By any reckoning, the 2017 fire at Grenfell Tower, in London, England, was a tragedy. Seventy-two died in the blaze. But in Pittsburgh, filmmaker Chris Ivey says, one aspect of the fire has been too little remarked: the role of locally based corporation Arconic. The Alcoa spin-off manufactured the exterior cladding panels on the high-rise apartment that a public inquiry in the U.K. has identified as the primary cause of the fire.
"This is me trying to do my part to help put the faces of the 72 lives lost literally at Arconic's doorstep"
Investigations and a court case are ongoing, on both sides of the Atlantic. But Ivey plans his own protest Friday. He’s setting up a one-night video installation about the fire, its victims, and its aftermath along the Allegheny River trail, just outside of Arconic’s corporate headquarters, on the North Side.
“This is me trying to do my part to help put the faces of the 72 lives lost literally at Arconic’s doorstep,” he said.
Asked to respond to the planned protest, Arconic released this statement: “We express our deepest sympathy to anyone affected by the 2017 Grenfell Tower Fire. We remain committed to supporting the authorities as the relevant investigations and UK Public Inquiry work through the complex questions presented.”

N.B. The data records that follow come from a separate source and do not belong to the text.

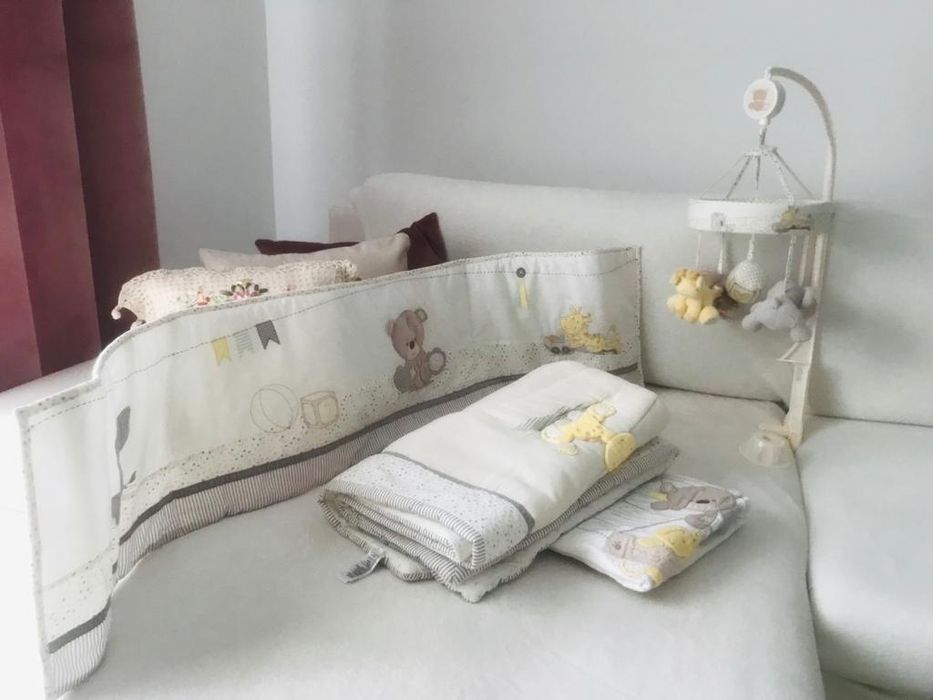 Set carusel și lenjerie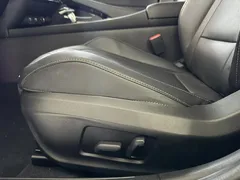 2022 Hyundai Elantra 1.5L CVT LUX Premium — фото 10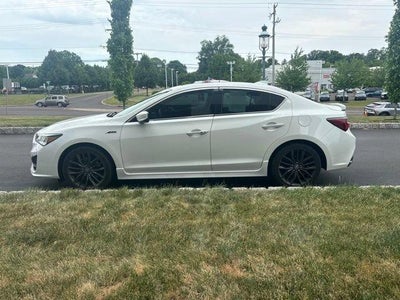 2019 Acura ILX Sedan w/Premium/A-Spec Pkg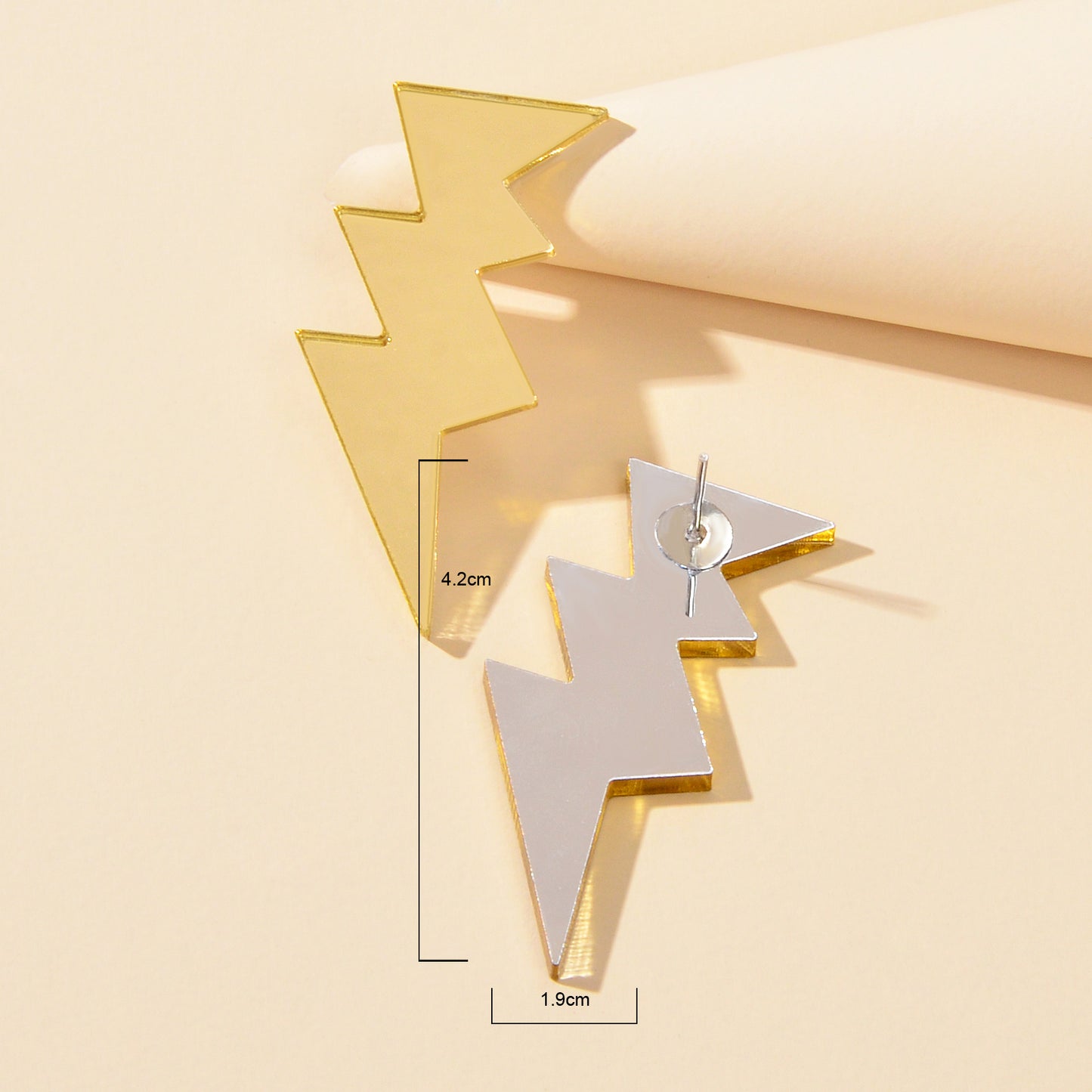 Personality Lightweight Gold Resin Lightning Stud Pierced 90's Inspired Earrings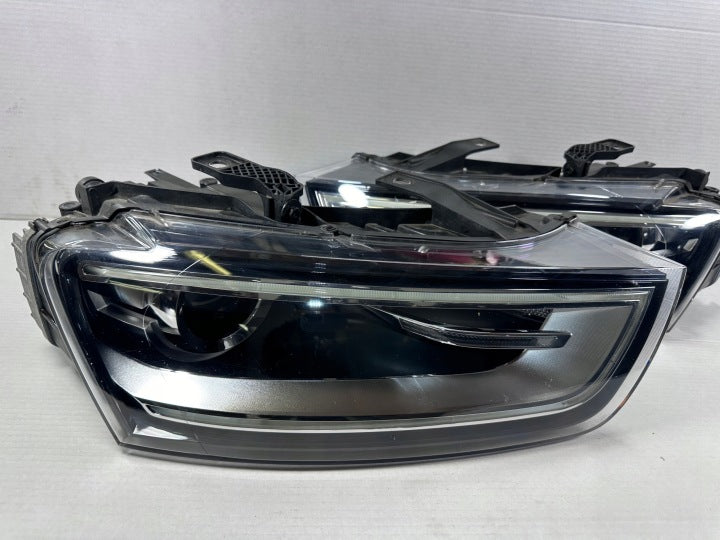 Frontscheinwerfer Audi Q3 8U0941032 8U0941031 Ein Satz Scheinwerfer Headlight SCH5277829093au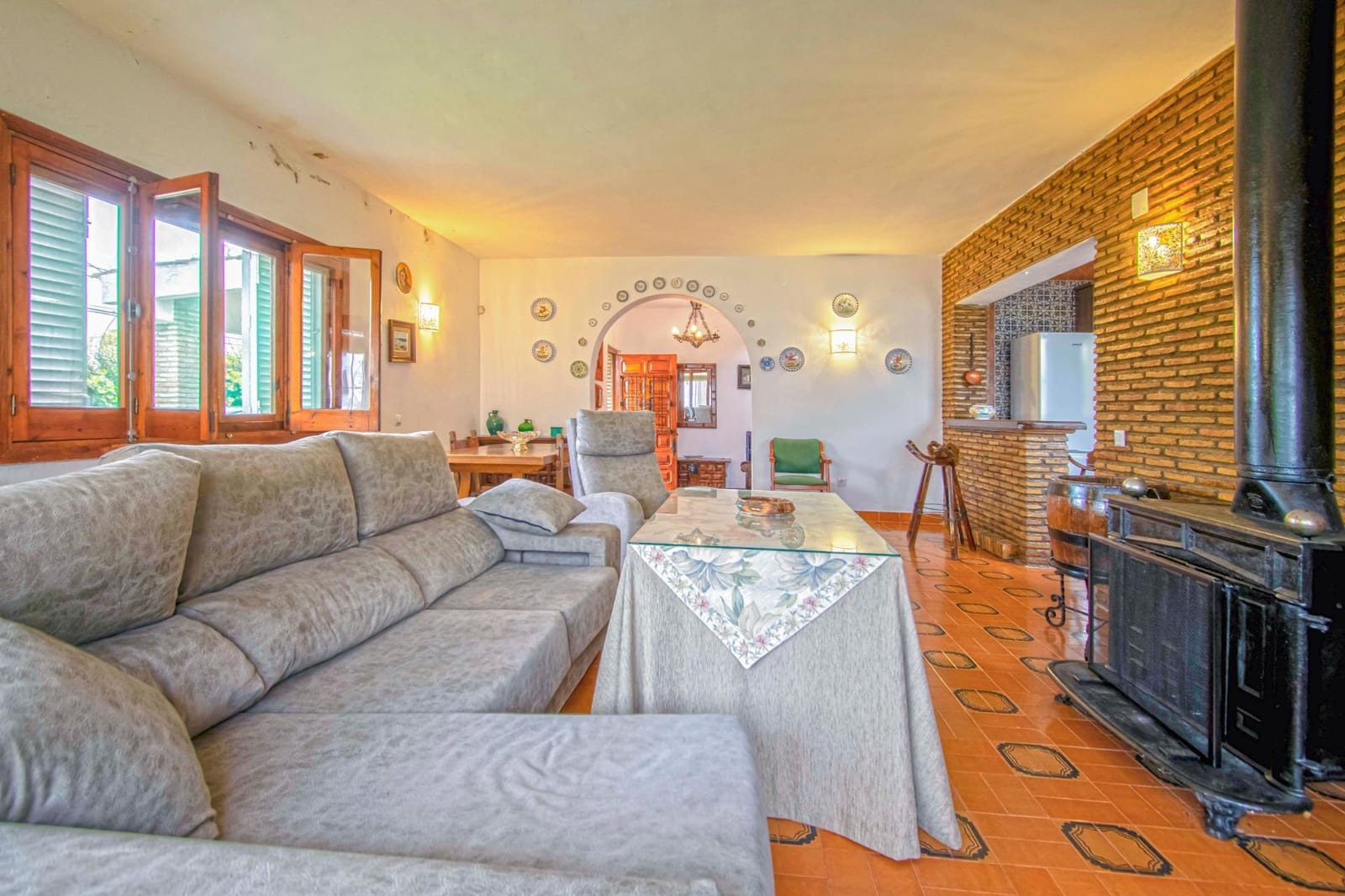 5 soveværelse Villa til salg i Salteras med swimmingpool - € 298.000 (Ref: 8918025)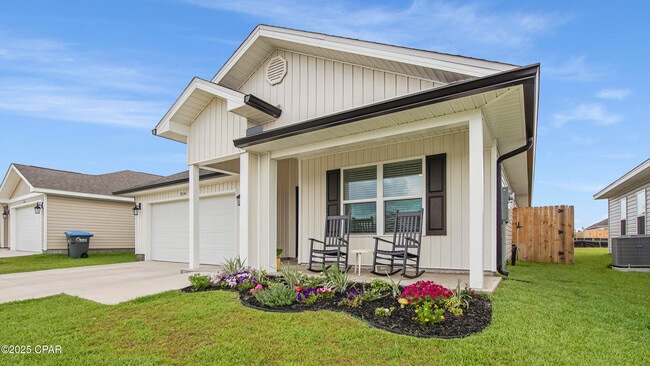 Primary Photo - 5044 Rivergrass Dr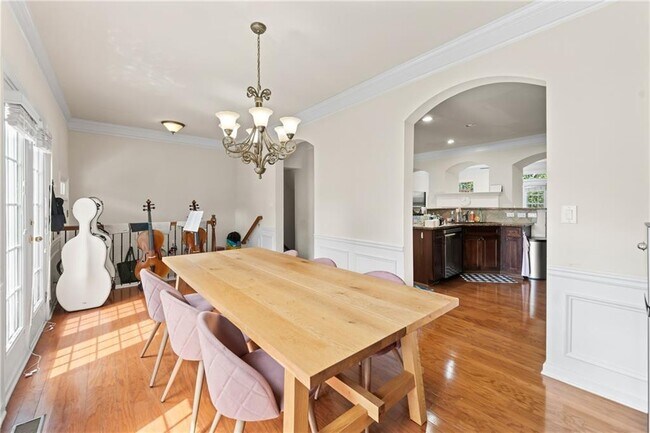 Building Photo - 11200 Brunson Dr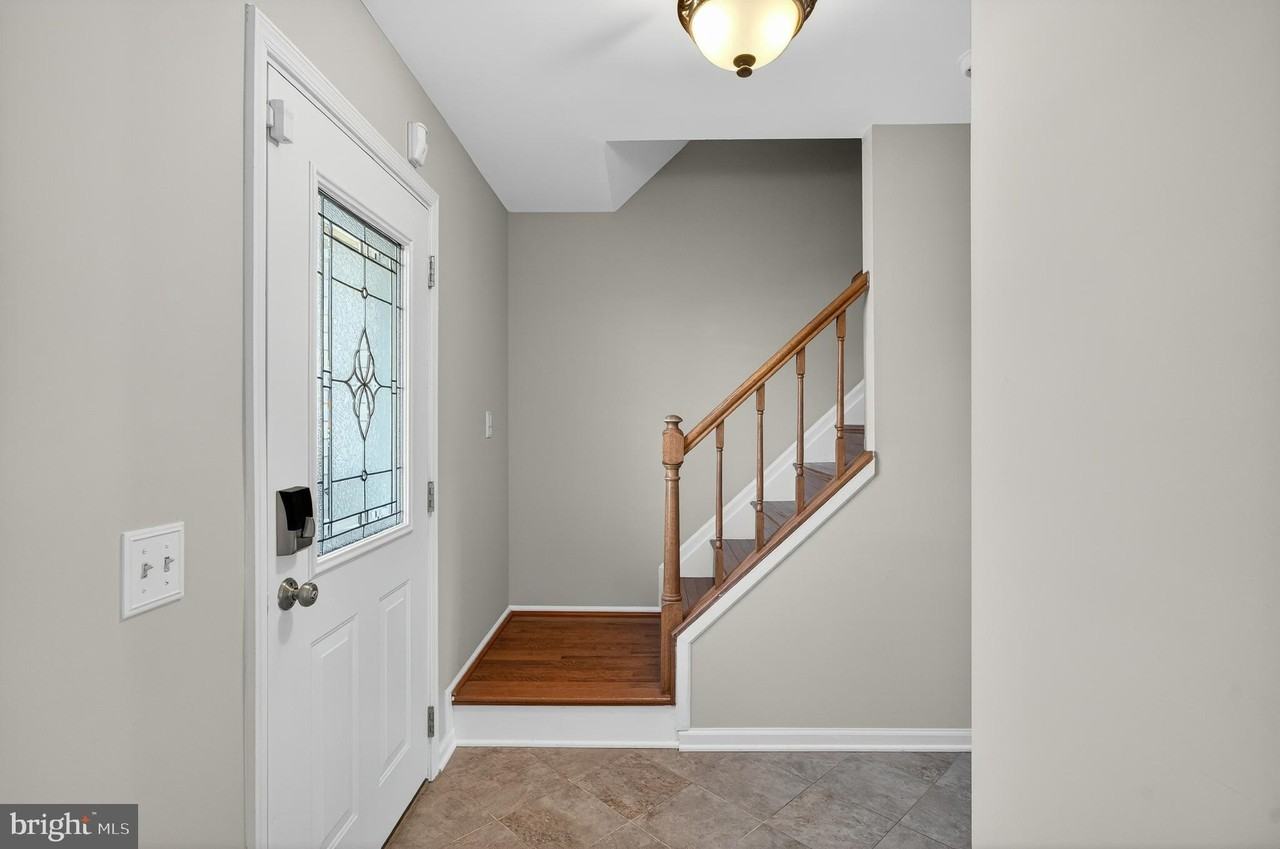 5808 Bunker Woods Ln - Photo 2 of 34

Arconic, known as Alcoa until 2016, makes and markets aluminum products for industries including aerospace, transportation, and construction. It supplied the polyethylene-filled exterior panels for the 2014-16 renovation of Grenfell Tower, a high-rise apartment complex.
The $14 billion company’s part in the tragedy was a focus of the public inquiry, which recently resumed after a delay caused by the coronavirus pandemic. The inquiry is meant, in part, to determine whether criminal charges will be filed. A separate police investigation is also underway.
Arconic and another firm, Celotex, are also the defendants in a suit filed by survivors and victims’ families in federal court in Philadelphia.
Ivey is a filmmaker known for his activism. His documentary series “East of Liberty” explored the cost of gentrification in that Pittsburgh neighborhood. The video installation on Grenfell Tower is part of his ongoing project “We Are Here,” which explores social-justice issues in communities in Pittsburgh, New Orleans, Charlottesville, Va., and Cape Town, South Africa.
When he first heard about the Grenfell Tower fire shortly after it happened, he recalled, he was especially haunted that one of the victims was an up-and-coming artist, Khadija Saye.
Ivey, who is Black, was also struck by the fact that most of the victims were Black or members of other ethnic minorities in England.
He learned of Arconic’s role just last year, when he traveled to London to document the second anniversary of the fire. He said many of the survivors were then still living in hotels, while the 23-story Tower itself remained standing as an unavoidable reminder of the tragedy. (The building is slated for demolition.)
The video-and-sound installation Ivey will offer Friday consists of interviews and protest footage he shot in London, interwoven with British news footage about the fire and its victims. It will run as a loop lasting about an hour on four screens arranged in a loose square on the trail, in a spot visible from the adjacent Andy Warhol Bridge.
The event will be socially distanced, with four guests at a time permitted to view the screens up close, though viewing will be possible from up to 100 feet away, Ivey said.
Ivey said he is in frequent contact with British activist groups including Justice4Grenfell and Grenfell United.
He said his immediate goal is to get Arconic to take responsibility for its role in the deadly fire – even if the company is based here and the tragedy occurred an ocean away.
“It’s on the other side of the pond, you know, it’s not in their face,” he said. “It’s important for me now to make sure it stays in their face as much as possible, until they address this stuff.”
The video installation will run from 8-10 p.m. Friday.